| Input data |
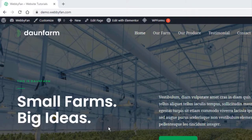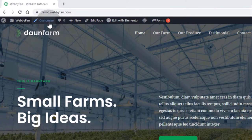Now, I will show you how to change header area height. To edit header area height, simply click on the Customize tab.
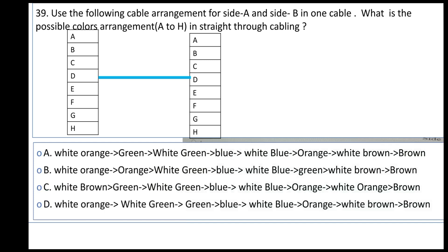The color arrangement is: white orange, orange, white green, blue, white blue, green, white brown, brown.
* * *
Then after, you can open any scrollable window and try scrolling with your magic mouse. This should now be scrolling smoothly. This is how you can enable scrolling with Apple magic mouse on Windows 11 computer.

| To do |
In the data above, find the line containing "Now, I will" and the line containing "The color arrangement". Copy exactly the stretch from the first through the second, both included, leaving out any picture.

| Response |
Now, I will show you how to change header area height. To edit header area height, simply click on the Customize tab.
The color arrangement is: white orange, orange, white green, blue, white blue, green, white brown, brown.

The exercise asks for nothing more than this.